Source material —

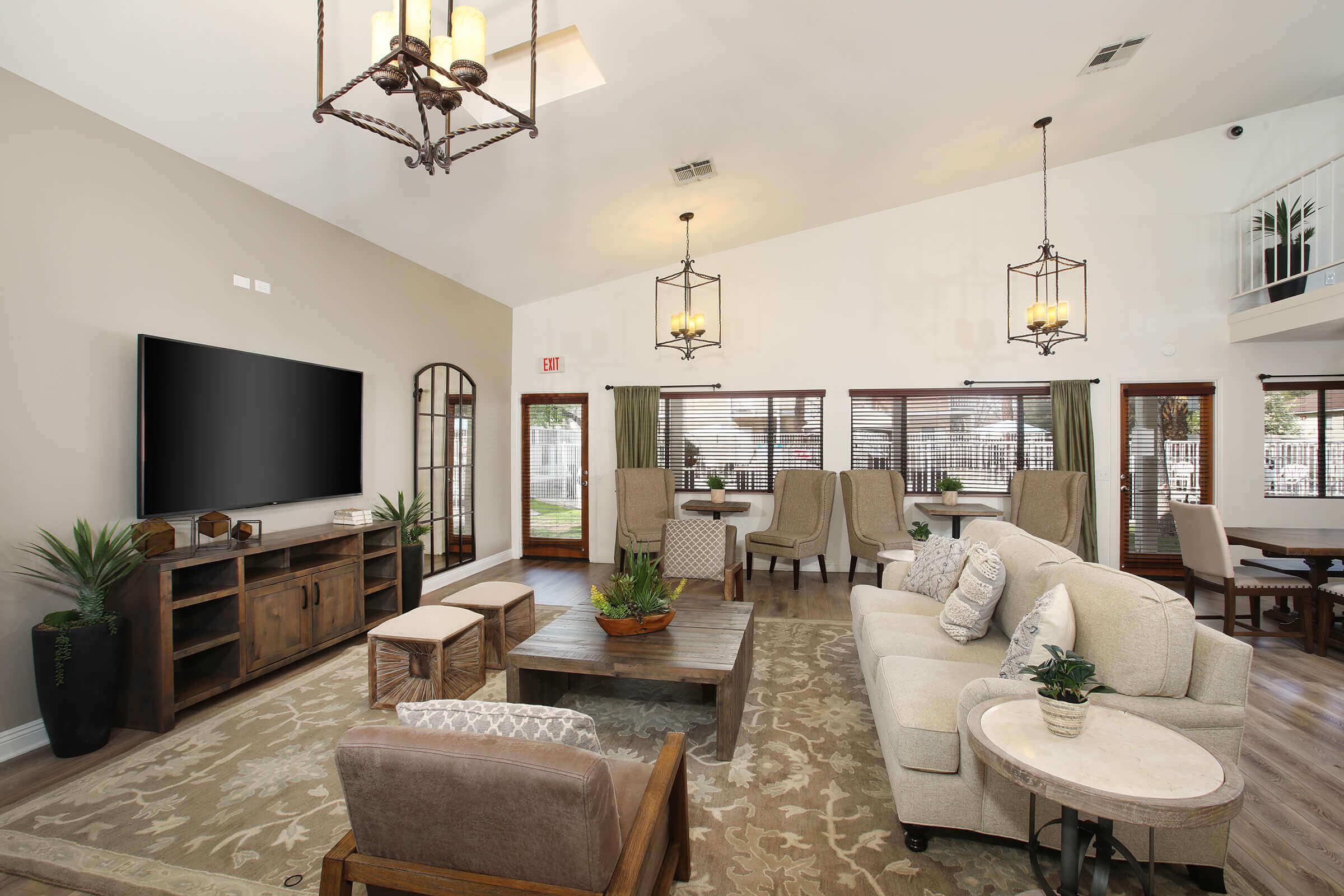 a living room filled with furniture and a flat screen tv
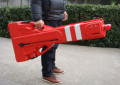 Man carrying the portable safety barrier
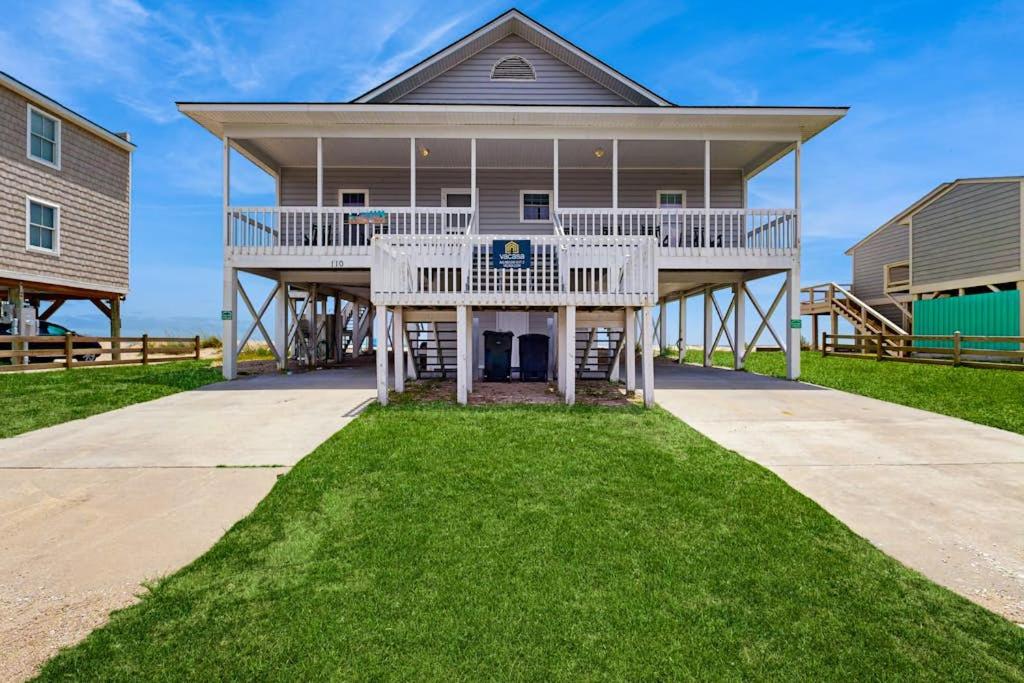 a large house with a large deck on the grass at A Shore Thing in Edisto Beach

What is needed —
For this exercise, output only the lines from the one bearing "Man carrying the portable safety barrier" to the end of the material above, exactly as written, with pictures left out.

Your solution —
 Man carrying the portable safety barrier
 a large house with a large deck on the grass at A Shore Thing in Edisto Beach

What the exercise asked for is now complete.